> Short descriptive text snippets
□ □ □ □

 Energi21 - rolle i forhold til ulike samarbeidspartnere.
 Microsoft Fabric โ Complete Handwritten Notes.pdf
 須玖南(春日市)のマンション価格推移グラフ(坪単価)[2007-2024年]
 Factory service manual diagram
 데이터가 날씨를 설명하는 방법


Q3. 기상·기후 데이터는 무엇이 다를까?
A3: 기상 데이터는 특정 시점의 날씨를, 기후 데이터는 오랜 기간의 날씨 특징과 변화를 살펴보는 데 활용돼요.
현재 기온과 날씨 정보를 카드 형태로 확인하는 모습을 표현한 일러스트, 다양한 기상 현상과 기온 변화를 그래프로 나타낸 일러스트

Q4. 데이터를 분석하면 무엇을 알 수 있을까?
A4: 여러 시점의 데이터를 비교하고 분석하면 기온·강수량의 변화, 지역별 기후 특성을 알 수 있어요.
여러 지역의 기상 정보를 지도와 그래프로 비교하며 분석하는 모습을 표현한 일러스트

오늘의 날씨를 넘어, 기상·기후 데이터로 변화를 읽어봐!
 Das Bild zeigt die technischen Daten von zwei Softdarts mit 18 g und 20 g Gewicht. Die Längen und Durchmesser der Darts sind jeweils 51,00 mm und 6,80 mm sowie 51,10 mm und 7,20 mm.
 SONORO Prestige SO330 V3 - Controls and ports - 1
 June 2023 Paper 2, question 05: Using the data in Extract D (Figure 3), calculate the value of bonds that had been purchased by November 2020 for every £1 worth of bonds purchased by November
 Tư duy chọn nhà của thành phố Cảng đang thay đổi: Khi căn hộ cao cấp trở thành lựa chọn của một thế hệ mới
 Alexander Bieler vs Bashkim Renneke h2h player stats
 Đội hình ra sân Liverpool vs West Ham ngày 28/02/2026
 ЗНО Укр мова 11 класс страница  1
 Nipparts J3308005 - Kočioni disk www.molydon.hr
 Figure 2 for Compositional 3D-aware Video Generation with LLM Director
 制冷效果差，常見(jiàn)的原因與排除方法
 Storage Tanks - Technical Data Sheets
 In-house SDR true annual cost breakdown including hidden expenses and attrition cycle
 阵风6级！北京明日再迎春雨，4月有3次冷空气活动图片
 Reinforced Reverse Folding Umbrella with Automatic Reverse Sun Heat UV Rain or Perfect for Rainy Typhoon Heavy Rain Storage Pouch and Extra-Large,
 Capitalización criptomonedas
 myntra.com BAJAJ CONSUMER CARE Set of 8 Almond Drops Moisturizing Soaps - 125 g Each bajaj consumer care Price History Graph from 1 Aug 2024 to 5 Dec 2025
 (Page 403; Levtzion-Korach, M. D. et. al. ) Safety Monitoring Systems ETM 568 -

□ □ □ □

> PROBLEM
In the lines above, spot each one that contains the word "데이터는" and copy it.

> ANSWER TO THIS PROBLEM
Q3. 기상·기후 데이터는 무엇이 다를까?
A3: 기상 데이터는 특정 시점의 날씨를, 기후 데이터는 오랜 기간의 날씨 특징과 변화를 살펴보는 데 활용돼요.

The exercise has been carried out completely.